Time for liquor laws to sober up

Updated on: 30 May,2012 07:07 AM IST  | 
Samarth Moray |

While this paper does not advocate alcoholism, we intend to question the absurdity of archaic rules that govern our drinking

Time for liquor laws to sober up

When you hear the term liquor what comes to mind? Rum, gin, vodka, whiskey, Scotch perhaps? Next time, look before you sip. According to the Bombay Prohibition Act, 1949 (yes, 1949), which regulates imported liquor in Maharashtra, all liquids containing alcohol are counted as liquor.



Hard-nosed rules: Many of these laws are unknown to citizens and are often misused by cops to extract bribes.u00a0Representation pic


Anyone who imports, exports, transports, sells or buys any alcohol without the licences and permits required under this Act faces imprisonment up to five years and a fine of Rs 50,000. Similar penalties exist for manufacturing alcohol or opening a ‘drinking house’. The Act was last amended 15 years ago.

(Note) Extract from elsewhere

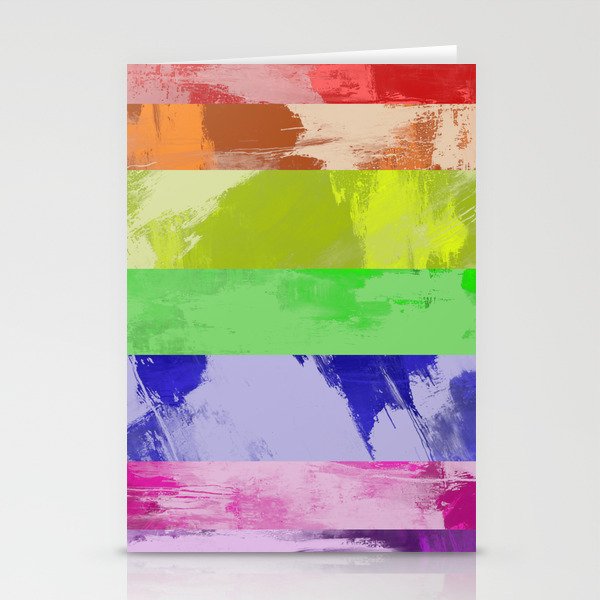 Rainbow Stripes Abstract Textured Red Orange Yellow Green Blue Indigo Violet Artwork Stationery Cards By Printpix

Now, consider this for a state that boasts of a Napa Valley of its own, and plans to promote wine tourism. Section 73 of the Act also prohibits advertisement of alcoholic beverages, with a punishment of six months imprisonment or a Rs 5,000 fine for every breach. Permits are required for everything from ‘special functions’ to selling wine wholesale, apart from those required for eateries serving alcohol or liquor shops.

Tipple only at 25
The Bombay Prohibition Act, 1949, also says a liquor permit is necessary in Maharashtra for purchase, possession, transport, and consumption of liquor. Any person above the age of 25 years is eligible for obtaining a permit. Even with a permit, the state government recently limited the amount of liquor a person can possess and transport at a time to two units per person per week, down from 12 units. One unit equals 750 ml. In case of wine, a unit is 1,500 ml, and for beers and mild liquors it is equivalent to 2,600 ml. The government via gazette notifications regularly revises many other rules related to alcohol regulation.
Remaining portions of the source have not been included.